Surge entonces el momento de tomar una decisión. Un análisis pormenorizado de los servicios disponibles en aquellas residencias incluidas dentro del que había constituido su espacio de vida habitual facilita en gran medida que el cambio del hogar al centro de la tercera edad no solo sea poco traumático, sino también extraordinariamente satisfactorio. En este contexto, es obvio que las variables económicas juegan un papel decisivo en la elección, pero no se debe olvidar la primacía de la calidad de la residencia en cuanto a infraestructuras, comodidad y oferta clínica. Una plantilla amplia y variada, con presencia de médicos, enfermeras, fisioterapeutas, terapeutas ocupacionales, gericultores, animadores socioculturales y especialistas en atención a personas con discapacidad compone un elemento prioritario y diferencial.

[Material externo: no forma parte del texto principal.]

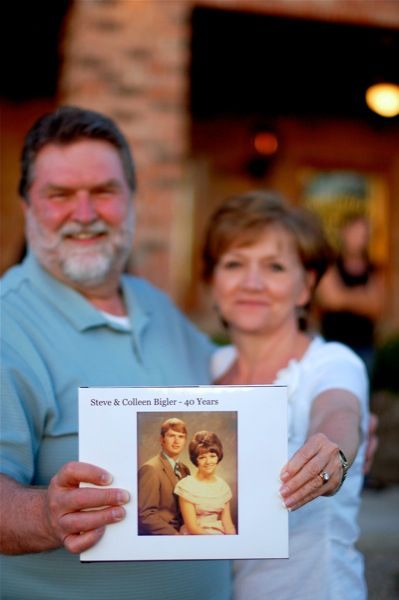 Love this idea for an Anniversary! 35 Anniversary, Anniversary Photo Shoot, Anniversary Photography, Tea Ideas, 50th Anniversary Party, Parents Anniversary, Anniversary Pictures, Anniversary Photo, 35th Anniversary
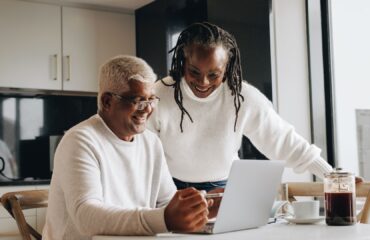 Segurado consultando informações sobre as regras de transição da aposentadoria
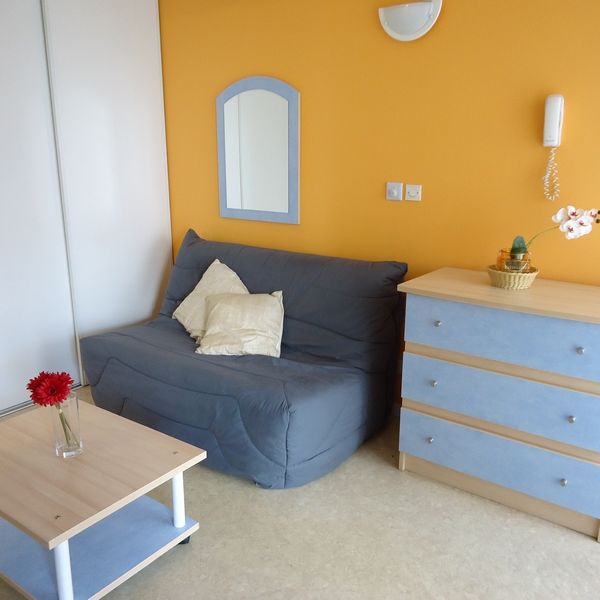 Location Appartement 1 pièce 24m² - Photo 1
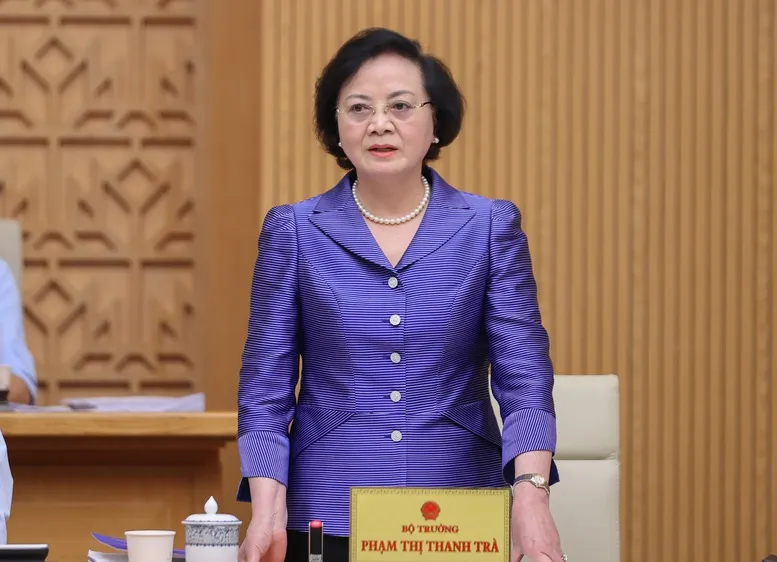 Bộ trưởng Bộ Nội vụ Phạm Thị Thanh Trà phát biểu tại phiên họp Chính phủ thường kỳ tháng 8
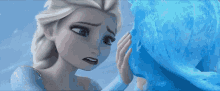 Queen Elsa And Anna Hug GIF - Queen Elsa And Anna Hug Frozen GIFs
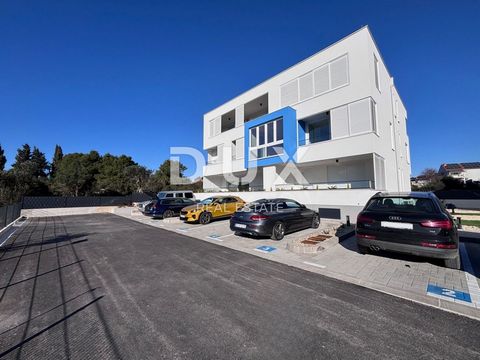 Location: Zadarska županija, Zadar, Melada (Maslina). ZADAR, MELADA - Geräumige Wohnung mit Garage im Neubau S3 Zum Verkauf steht eine geräumige Wohnung in einem Neubau in äußerst attraktiver Lage an der Melada in Zadar. Die Wohnung befindet sich im ...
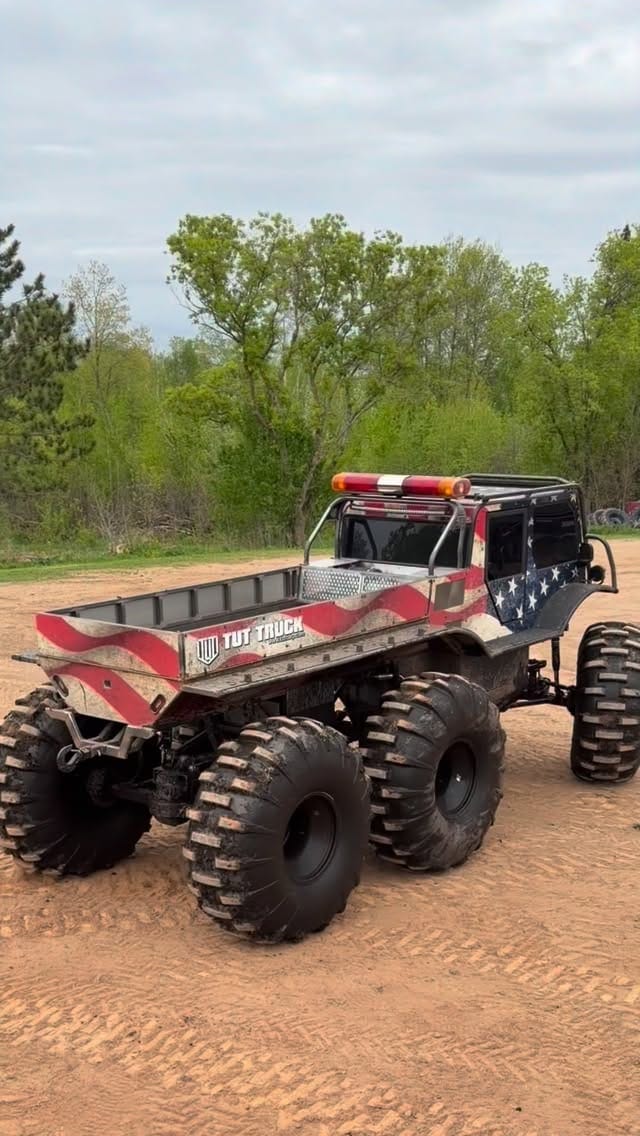 Post 2 by TUT TRUCK on Instagram (video)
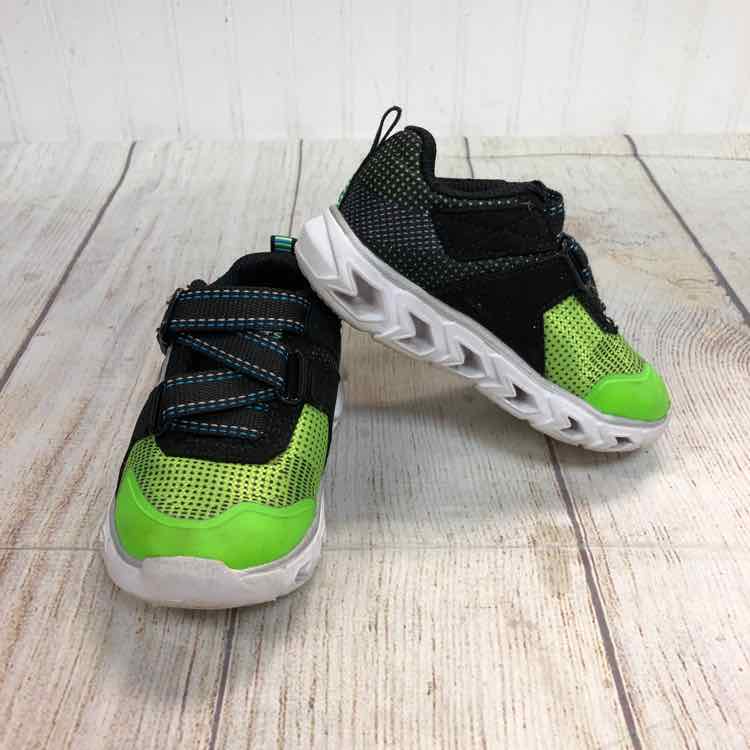 Skechers Green Size 6 Boys Sneakers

Las características de la estancia también contribuyen a marcar la diferencia. En función del nivel de dependencia y de requerimientos exigidos por el cliente, puede tenerse acceso a varios tipos de habitaciones, que van desde las individuales equipadas con todas las comodidades –dormitorio, zona de cocina, baño particular…-, como si de un pequeño piso se tratase, hasta las habitaciones compartidas. Su financiación puede ser privada o pública, según la administración del centro, si bien en la mayoría de casos se puede acudir a las ayudas prevista por la Ley de Dependencia formulada por el Estado.
No obstante, la mejor manera de lograr una adecuada adaptación al nuevo entorno vital consiste, como es lógico, en someter el cambio a un proceso gradual. Ingresar en un centro geriátrico no es algo irreversible, sino que puede contratarse en primer lugar por medio de pequeños plazos de prueba en los que el cliente pueda aclimatarse poco a poco y encontrar su lugar, observar cuidadosa y responsablemente si cumple correctamente con sus necesidades, si el trato personal le satisface… Es decir, si se siente a gusto. Siempre hay lugar para una vuelta atrás, para sopesar una vez más la selección y para decantarse por la residencia que mejor se ajuste al modelo ideal para todas las partes. Porque, en definitiva, de lo que se trata es de obtener una imprescindible mejora en el disfrute de la vida de nuestros mayores.